* Exercise directions: Give the lines again exactly as they appear, from the first line of the listing through the line containing "Building Photo - 598 Pleasant Ave", and omit every picture.

* Data under study:
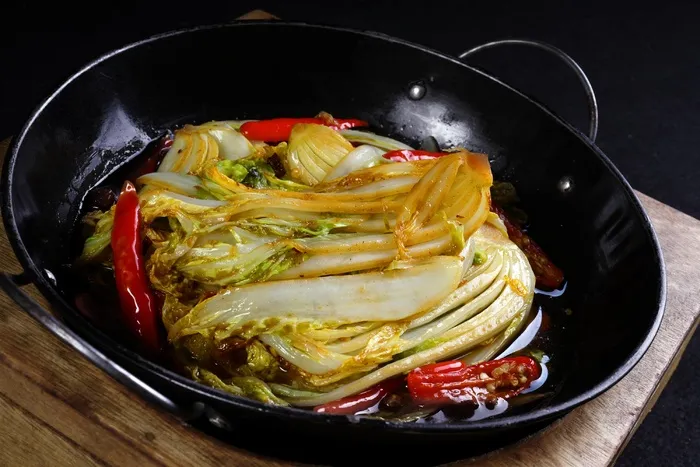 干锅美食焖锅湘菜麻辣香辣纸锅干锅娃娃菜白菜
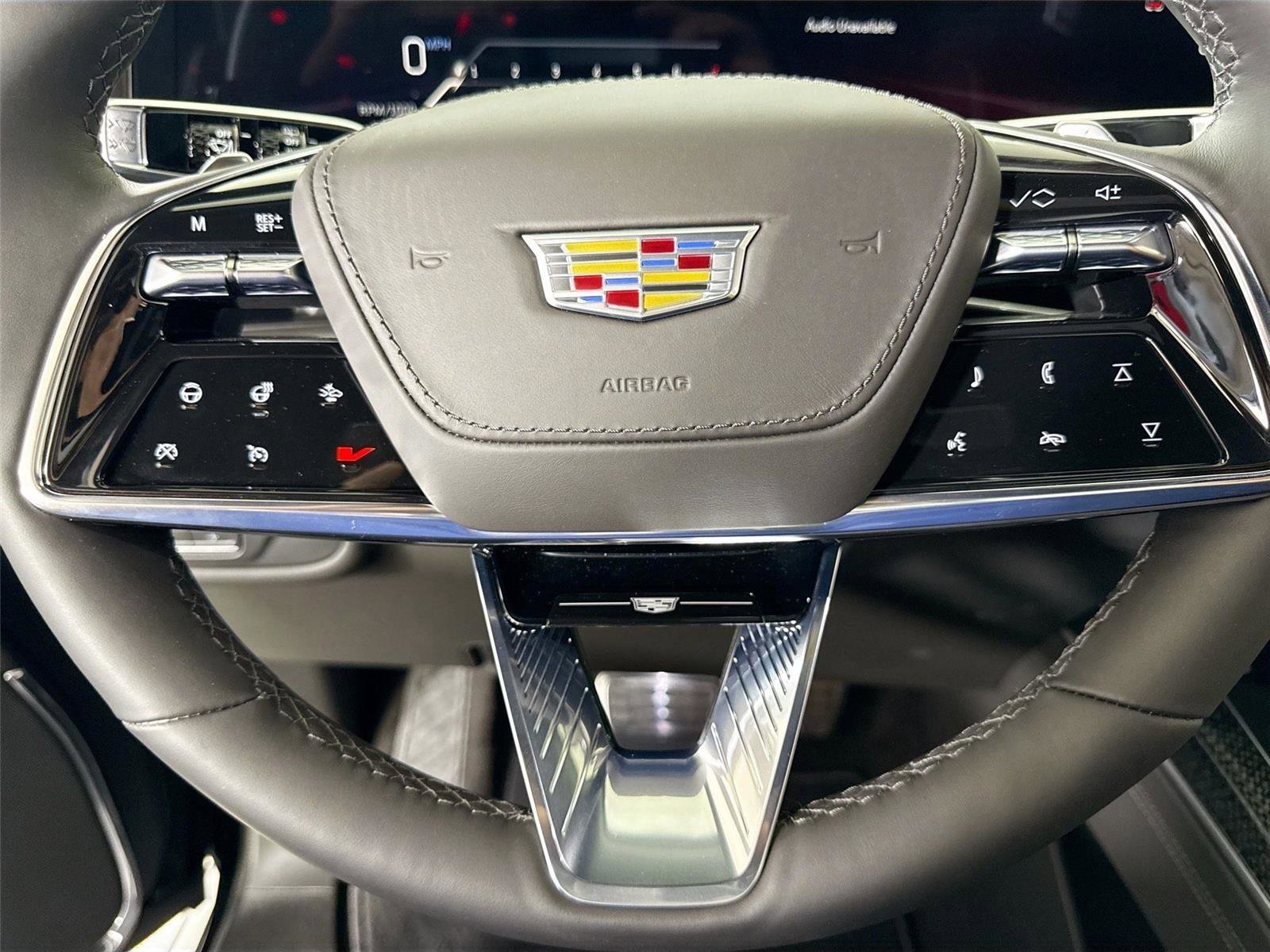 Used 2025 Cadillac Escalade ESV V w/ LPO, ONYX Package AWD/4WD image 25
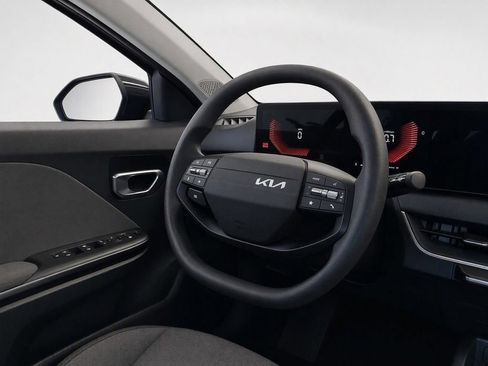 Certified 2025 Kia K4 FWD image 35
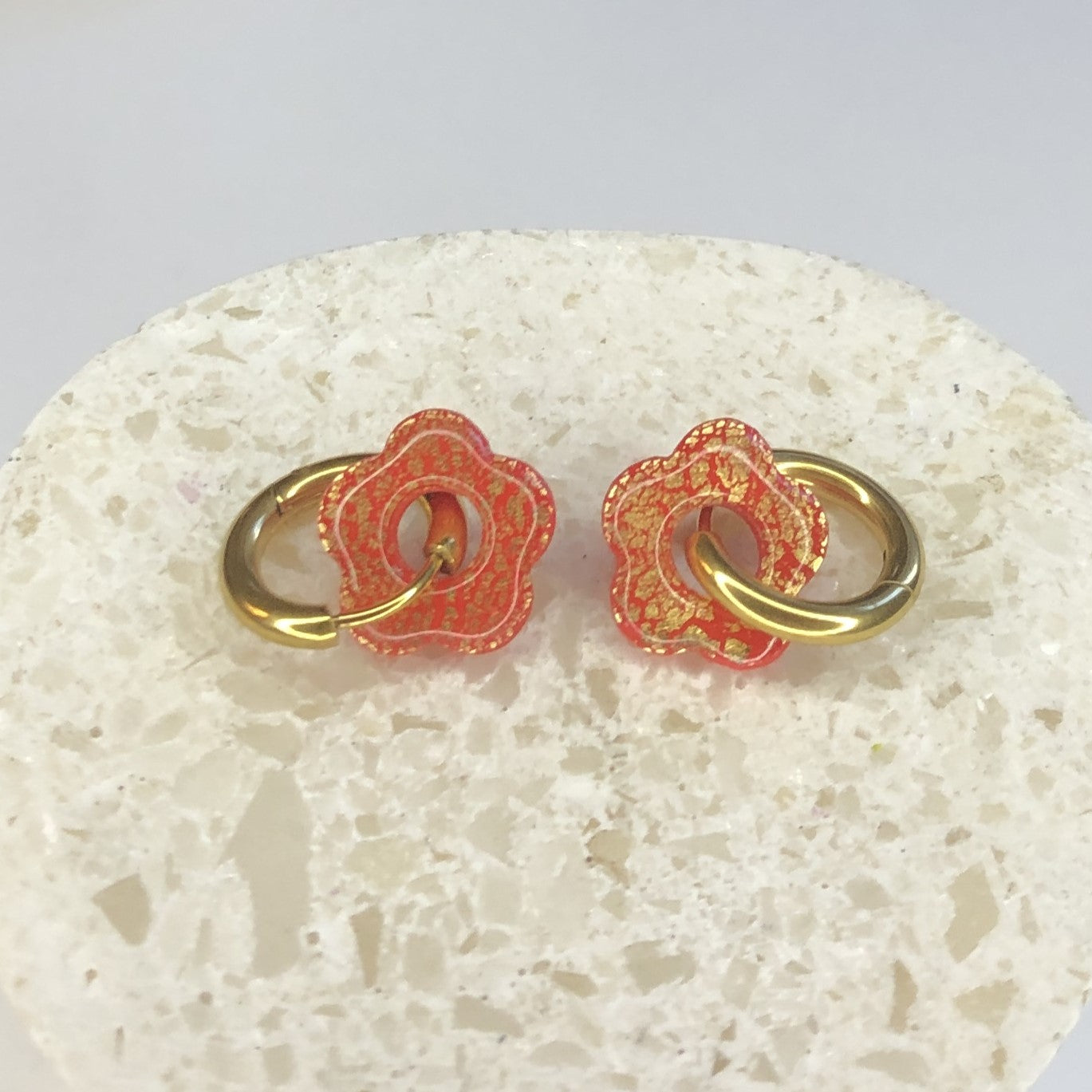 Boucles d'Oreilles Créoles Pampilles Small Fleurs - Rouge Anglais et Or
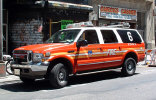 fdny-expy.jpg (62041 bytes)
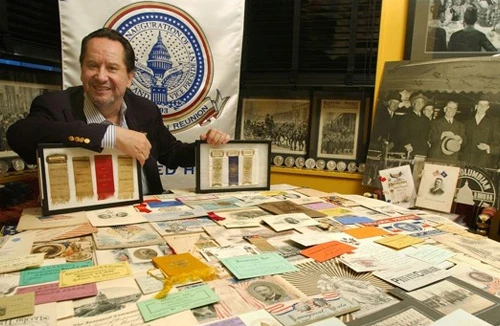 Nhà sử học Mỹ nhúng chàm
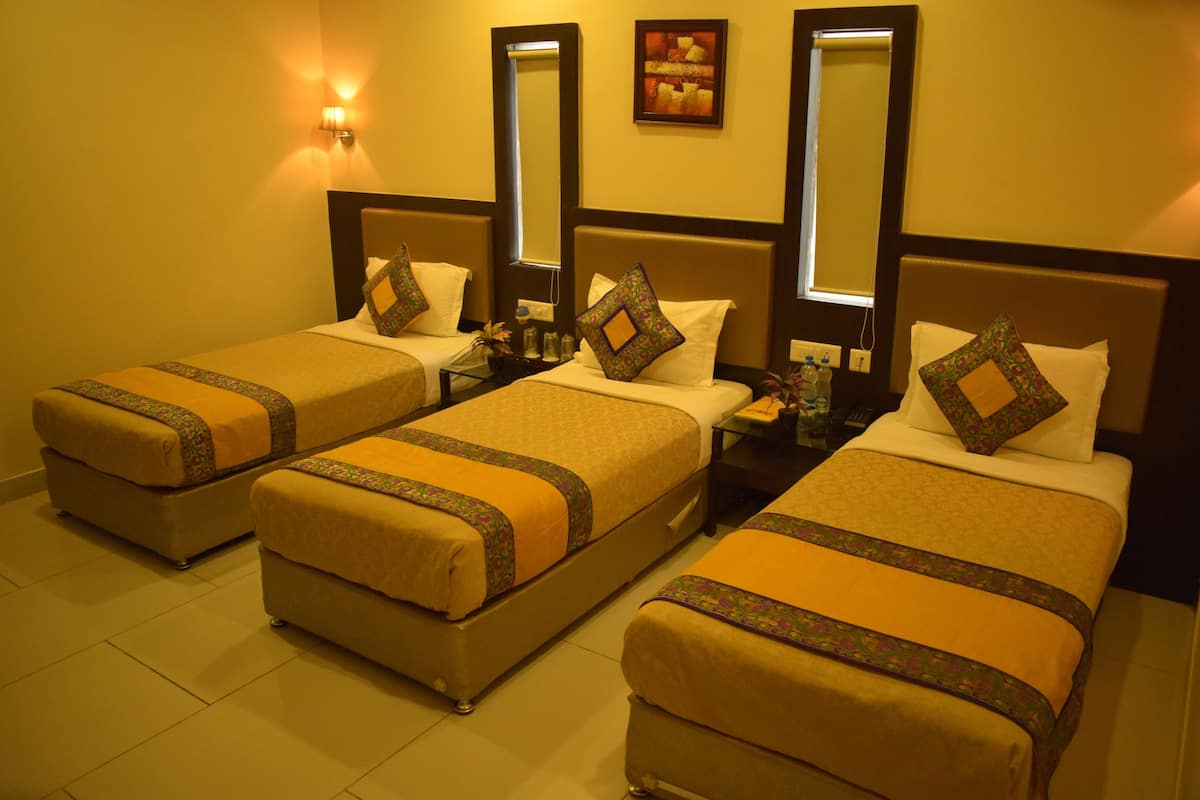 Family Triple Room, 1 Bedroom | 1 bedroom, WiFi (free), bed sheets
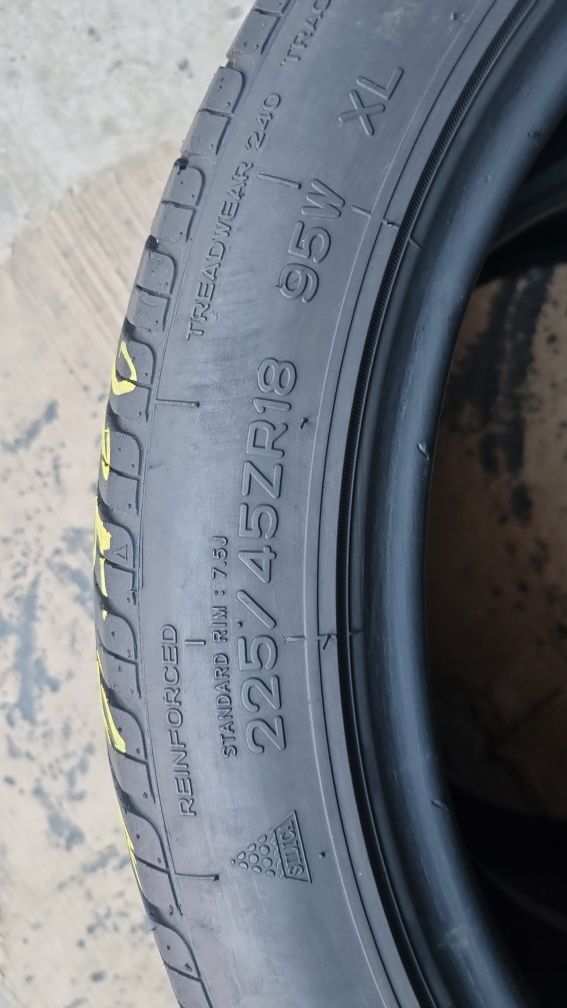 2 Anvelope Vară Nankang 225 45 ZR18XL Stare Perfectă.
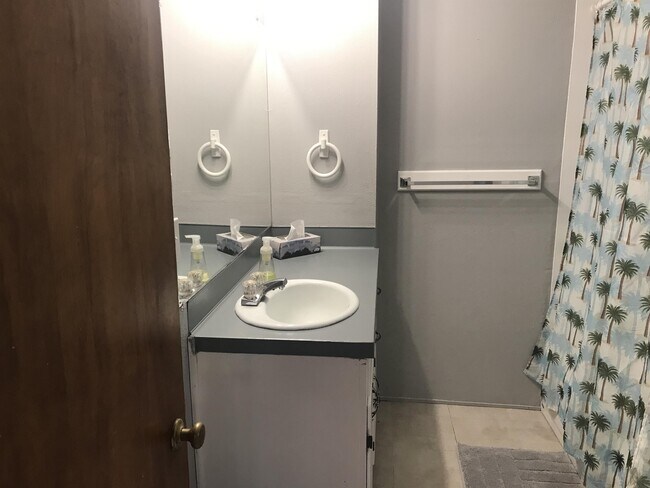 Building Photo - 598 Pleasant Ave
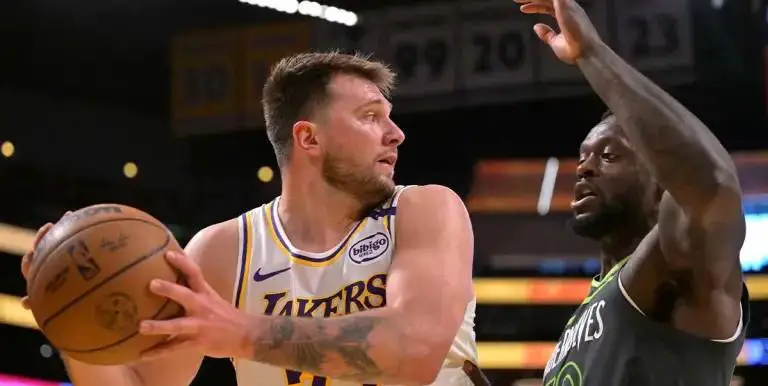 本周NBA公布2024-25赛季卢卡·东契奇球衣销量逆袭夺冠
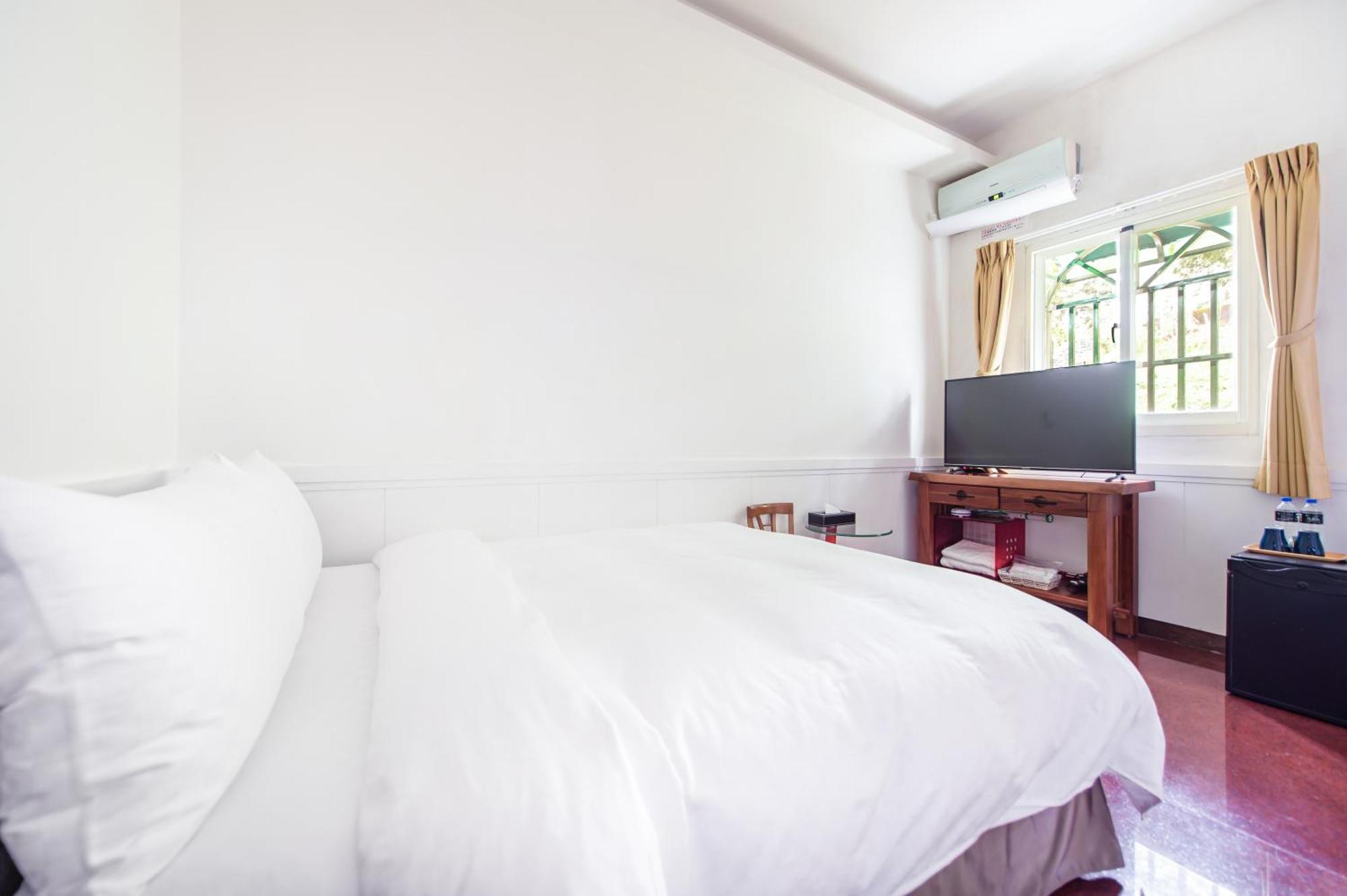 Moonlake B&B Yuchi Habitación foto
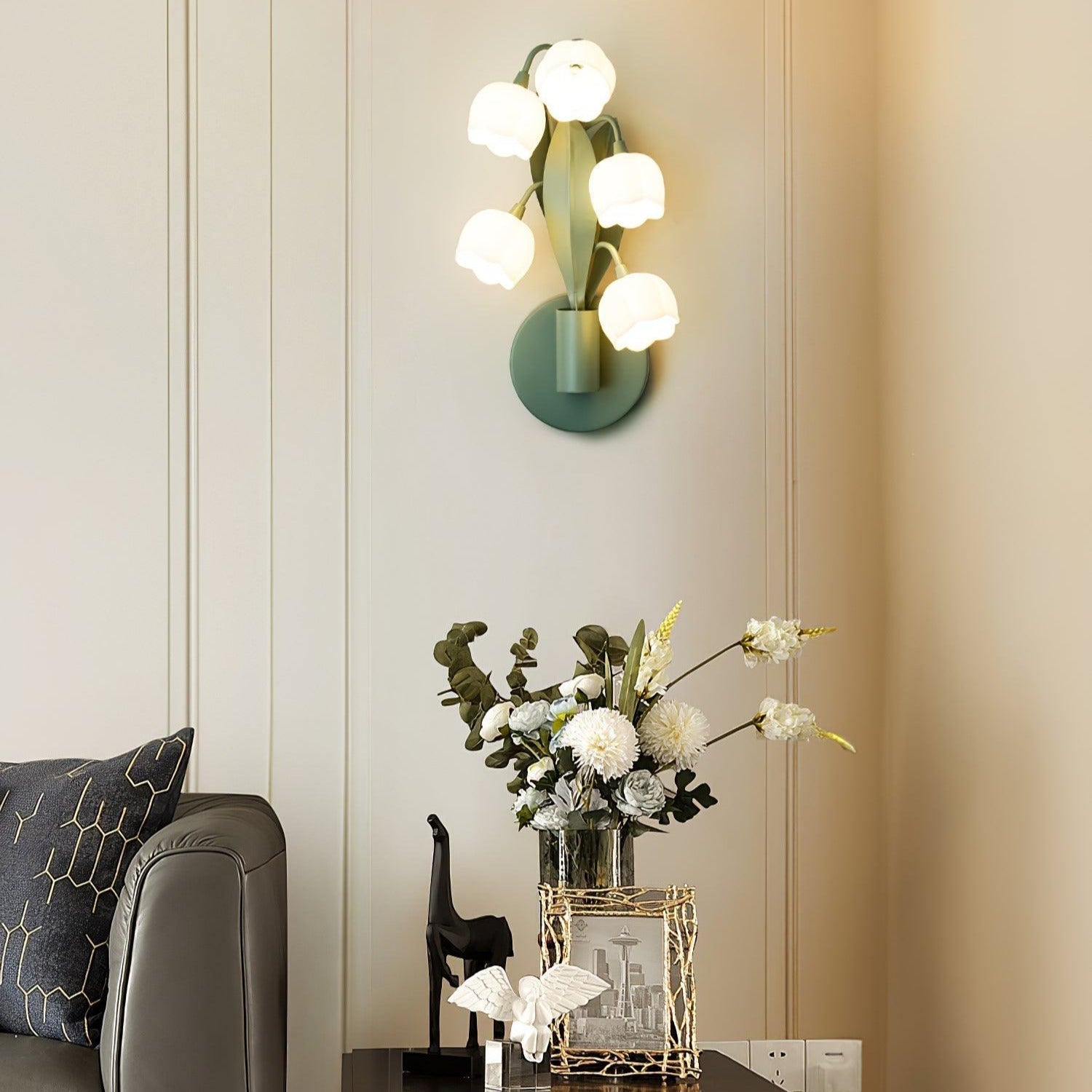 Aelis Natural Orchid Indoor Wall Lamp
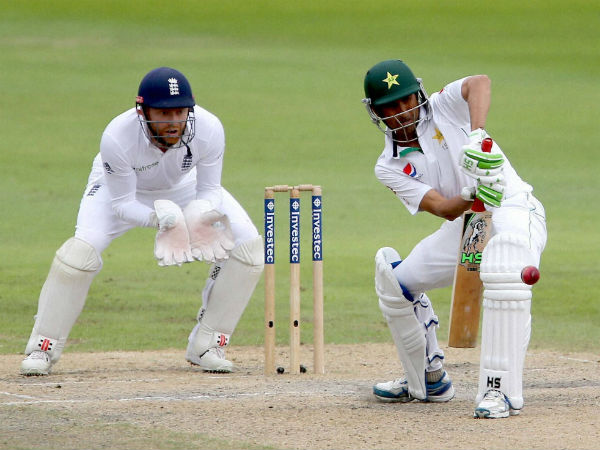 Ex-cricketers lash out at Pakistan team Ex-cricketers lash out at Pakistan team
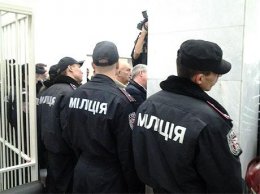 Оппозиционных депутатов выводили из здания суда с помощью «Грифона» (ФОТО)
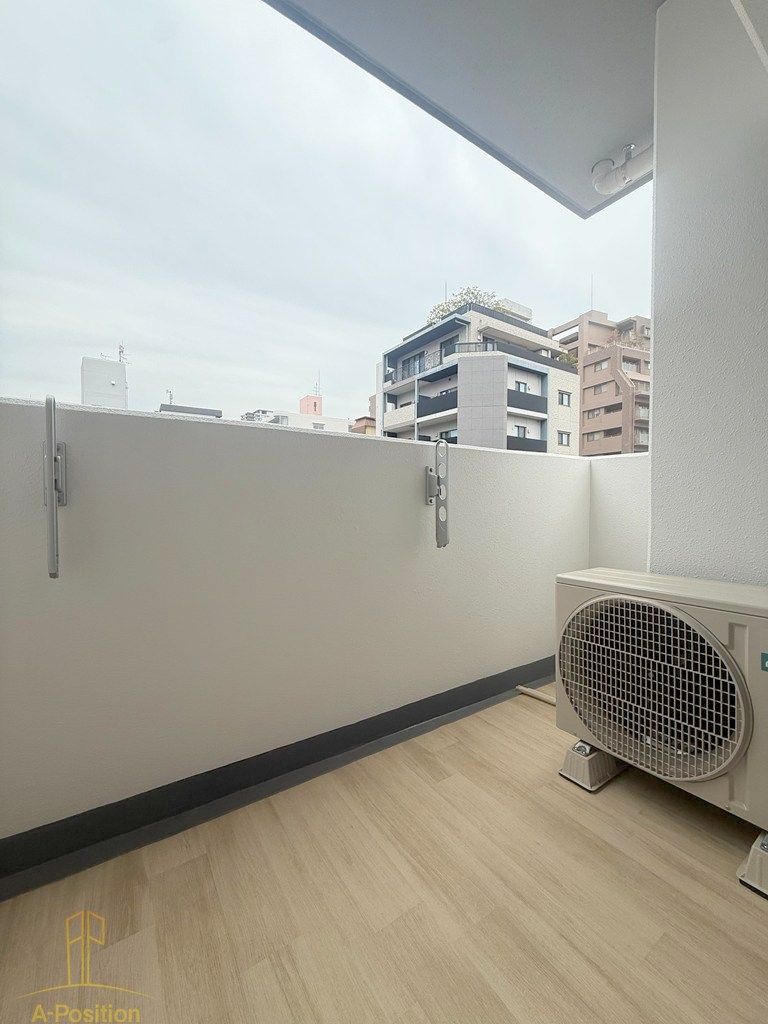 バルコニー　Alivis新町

* Solution to this problem:
 干锅美食焖锅湘菜麻辣香辣纸锅干锅娃娃菜白菜
 Used 2025 Cadillac Escalade ESV V w/ LPO, ONYX Package AWD/4WD image 25
 Certified 2025 Kia K4 FWD image 35
 Boucles d'Oreilles Créoles Pampilles Small Fleurs - Rouge Anglais et Or
 fdny-expy.jpg (62041 bytes)
 Nhà sử học Mỹ nhúng chàm
 Family Triple Room, 1 Bedroom | 1 bedroom, WiFi (free), bed sheets
 2 Anvelope Vară Nankang 225 45 ZR18XL Stare Perfectă.
 Building Photo - 598 Pleasant Ave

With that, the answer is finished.